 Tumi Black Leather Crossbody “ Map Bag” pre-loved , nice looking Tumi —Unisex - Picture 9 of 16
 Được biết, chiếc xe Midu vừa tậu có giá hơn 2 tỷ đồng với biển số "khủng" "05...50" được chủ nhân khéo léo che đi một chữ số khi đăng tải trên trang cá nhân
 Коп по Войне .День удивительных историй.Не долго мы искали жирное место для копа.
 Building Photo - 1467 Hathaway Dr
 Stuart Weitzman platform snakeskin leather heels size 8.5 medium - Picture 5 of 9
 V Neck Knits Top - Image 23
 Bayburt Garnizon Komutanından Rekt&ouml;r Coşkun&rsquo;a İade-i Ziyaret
* * *
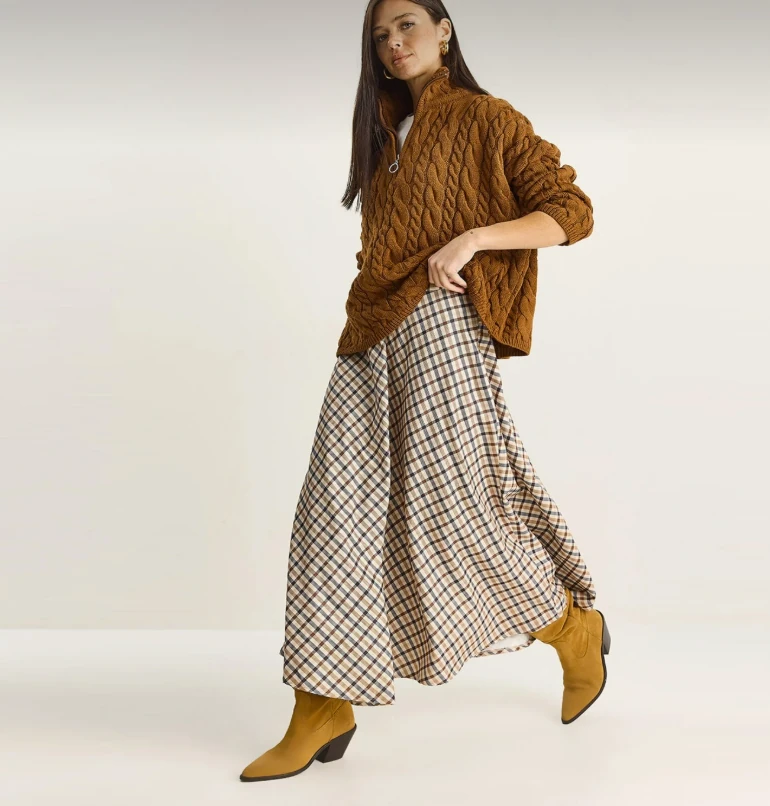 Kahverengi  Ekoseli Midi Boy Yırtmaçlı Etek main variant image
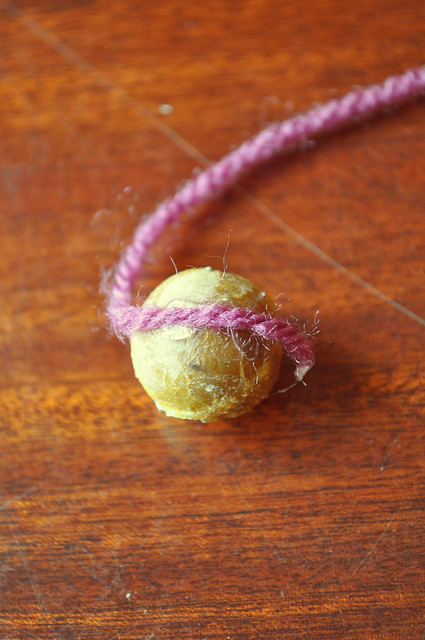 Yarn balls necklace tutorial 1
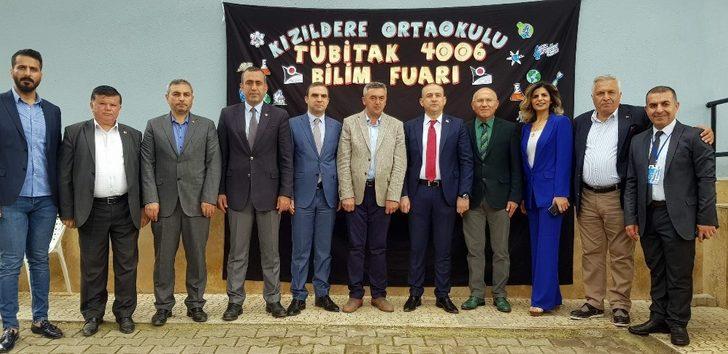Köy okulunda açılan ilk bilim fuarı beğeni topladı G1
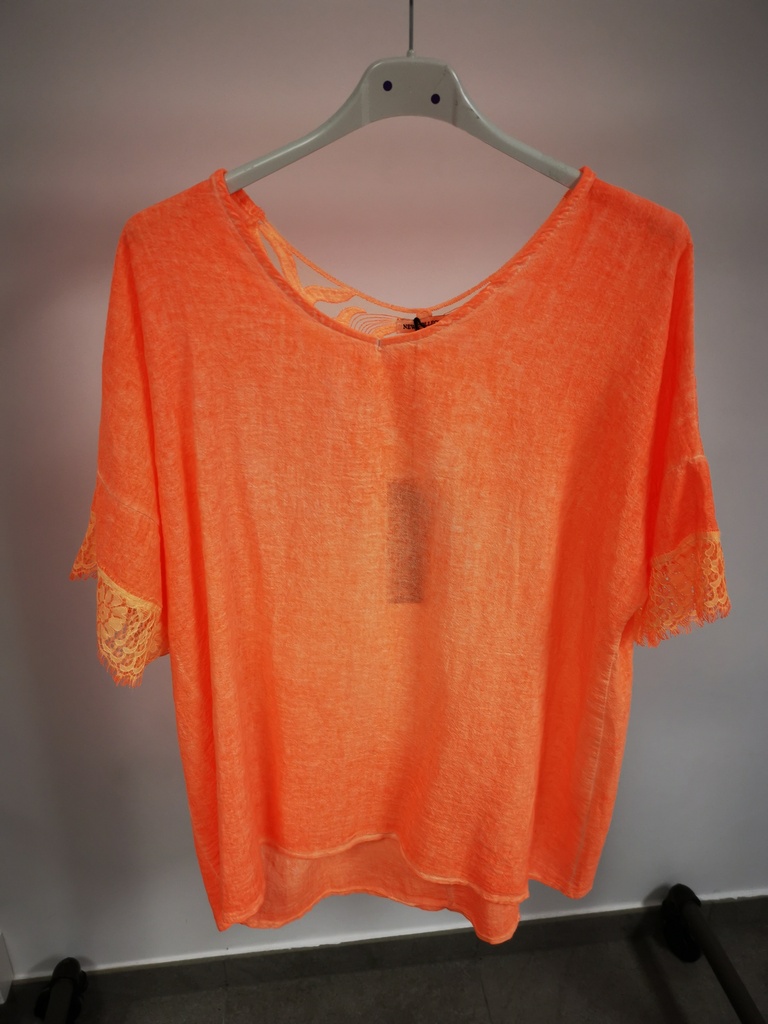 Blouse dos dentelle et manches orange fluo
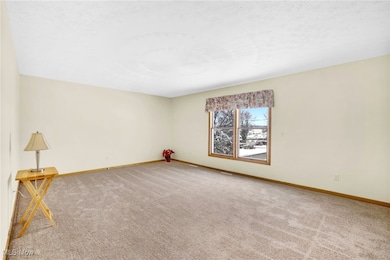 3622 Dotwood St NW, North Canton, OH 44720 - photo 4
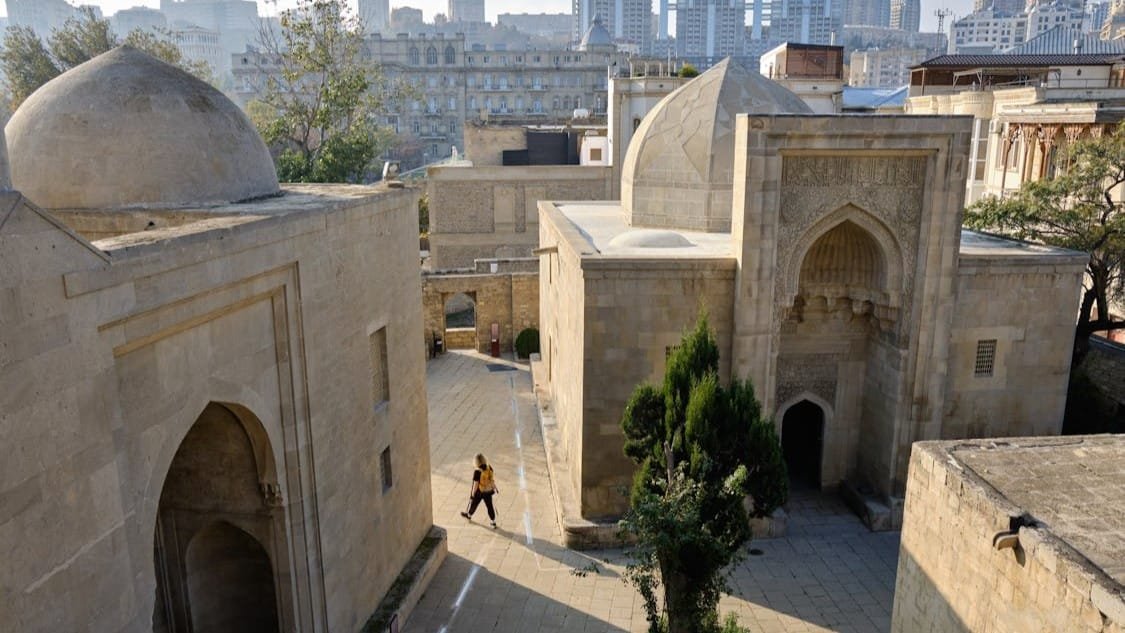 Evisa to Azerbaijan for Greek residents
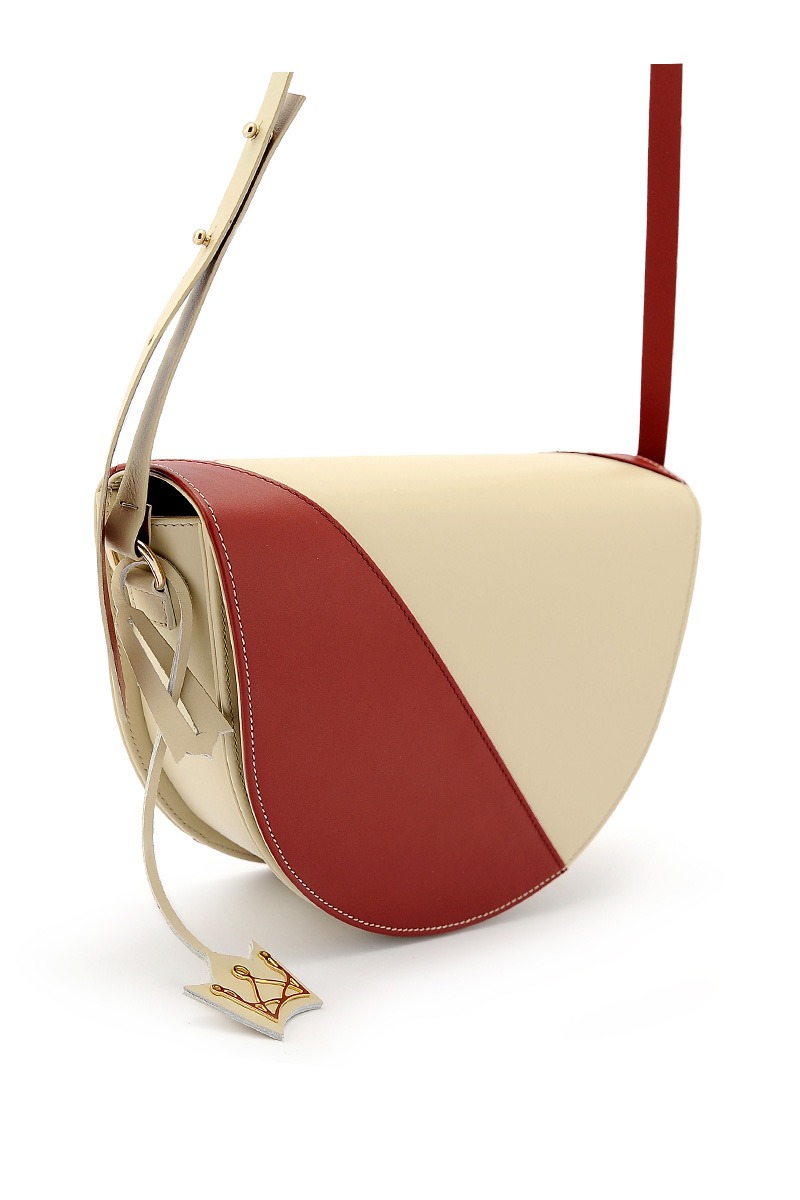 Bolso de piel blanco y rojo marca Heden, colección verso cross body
* * *
EXERCISE DIRECTIONS:
Set the pictures aside and reproduce exactly the lines above, from the line holding "Köy okulunda açılan" through the line holding "Bolso de piel", both included, with nothing else.

PROBLEM SOLUTION:
Köy okulunda açılan ilk bilim fuarı beğeni topladı G1
 Blouse dos dentelle et manches orange fluo
 3622 Dotwood St NW, North Canton, OH 44720 - photo 4
 Evisa to Azerbaijan for Greek residents
 Bolso de piel blanco y rojo marca Heden, colección verso cross body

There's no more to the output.